The presence of IVSs in the 16S rRNA gene is common to several Helicobacter species. The IVS found in our Helicobacter isolate is similar to those in H. bilis and F. rappini, with a length of about 187 bp inserted at bp 210 (E. coli numbering) (4). Another type of IVS has been observed in certain strains of H. canis and H. fennelliae, which is of 235 bp inserted at nucleotide 199 (E. coli numbering) (8). Little is known on the origin and significance of IVSs in the 16S rRNA gene. In H. canis, the IVS is not retained in the mature 16S rRNA and not represented elsewhere in the genome (8).

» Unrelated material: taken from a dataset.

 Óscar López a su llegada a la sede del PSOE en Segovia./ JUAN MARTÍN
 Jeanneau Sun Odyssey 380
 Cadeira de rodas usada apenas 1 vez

Several species of Helicobacter, including H. cinaedi, H. fennelliae, H. westmeadii, H. sp. strain Mainz, and F. rappini, have been isolated from immunocompromised patients (1, 3, 6, 7, 10, 1315). Recently, a case of septic shock due to H. fennelliae was reported (6). To our knowledge, the present case is the first report of a Helicobacter species identified directly in a clinical specimen. We could not identify any other bacteria in the same abscess material by conventional cultures or by DNA sequence analysis. Antibiotic therapy resulted in resolution of the abscesses. These data indicate that the Helicobacter isolate caused the abdominal abscess in this patient. The source of infection and portal of entry have not been defined.

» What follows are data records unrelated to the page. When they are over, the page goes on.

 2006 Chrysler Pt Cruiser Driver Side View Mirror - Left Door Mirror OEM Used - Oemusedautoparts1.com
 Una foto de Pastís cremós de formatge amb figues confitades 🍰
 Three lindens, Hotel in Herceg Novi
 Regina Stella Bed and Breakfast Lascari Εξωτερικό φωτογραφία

In conclusion, helicobacters, including the unique species reported in this work, may represent an emerging group of pathogens in immunocompromised patients. 16S rRNA gene sequencing allows the rapid identification of fastidious bacteria, which cannot be cultured in the routine diagnostic laboratory.

Nucleotide sequence accession number.

The 16S rDNA sequence identified in this study was submitted to GenBank under accession no. AJ011431.